End Of Loria Era Is Good News For Miami



Though the MLB has not yet confirmed it, all signs are pointing to icon Derek Jeter and former Governor of Florida Jeb Bush purchasing the Miami Marlins. The most unlikely pairing since Will Smith and Tommy Lee Jones in Men in Black have received mockery on social media, and it’s somewhat baffling because fans of the Marlins should be jumping for joy at what it means; no more Jeffrey Loria.

The owner of the Marlins since 2003, Jeffrey Loria has been one of the MLB’s most controversial figures in his ownership tenure. Yes, the Marlins did win their second World Series in his first year with them, but unfortunately for the Swordfish and their fans, that was as good as it got.

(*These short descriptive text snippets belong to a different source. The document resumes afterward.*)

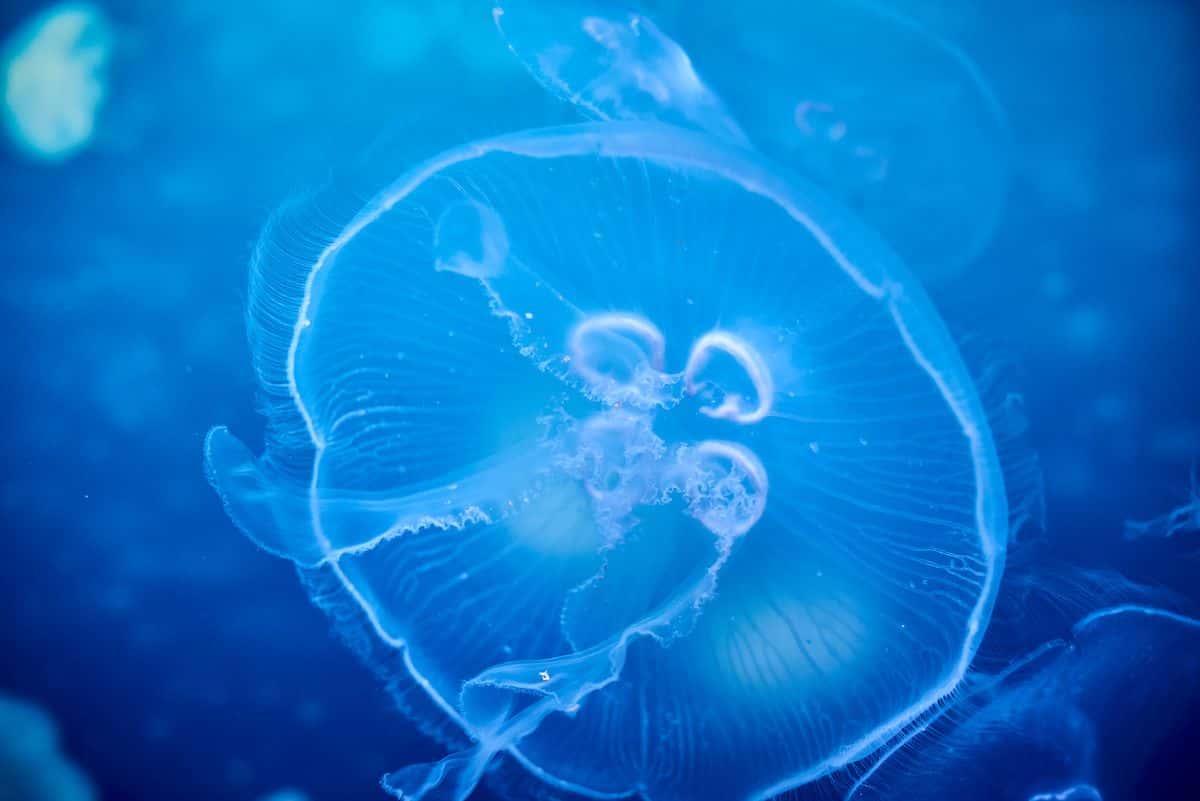 SEA LIFE Sydney1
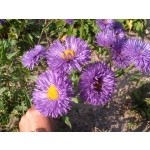 Erigeron speciosus 'Azurfee'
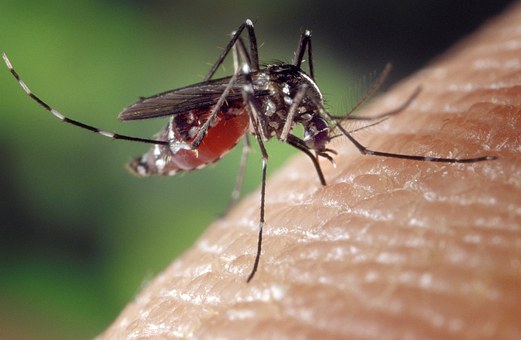 Przepis (DIY) spray przeciw komarom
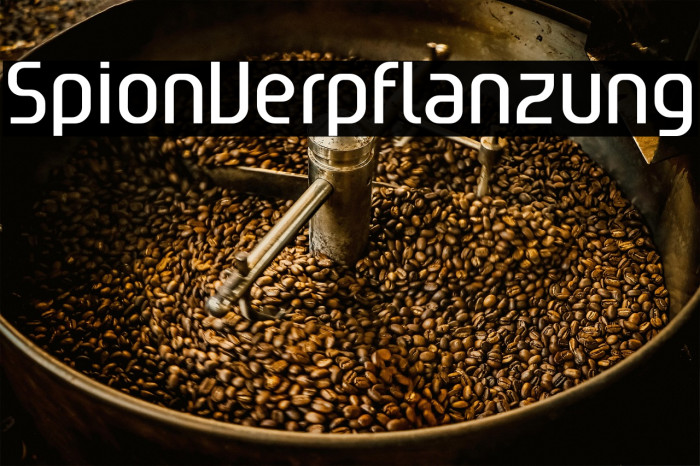 SpionVerpflanzung Example 1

It’s safe to say that Marlins fans will not miss Jeffrey Loria. Courtesy of the SunSentinel.

The then-Florida Marlins’ 2003 season was one of the most remarkable in MLB history. Though Loria made a splash by signing defensive master Ivan Rodriguez and speedster Juan Pierre, the Marlins struggled mightily with injuries and poor play and sat at 19-29 in late May. However, an infusion of youthful stars like Miguel Cabrera and Dontrelle Willis helped pick the team up and, incredibly, it rallied to win the NL Wild Card and then shocked the world by downing the powerhouse Yankees in the World Series. Florida looked like a team that could be a powerhouse, but that was when Loria established himself as one of baseball’s most hated figures.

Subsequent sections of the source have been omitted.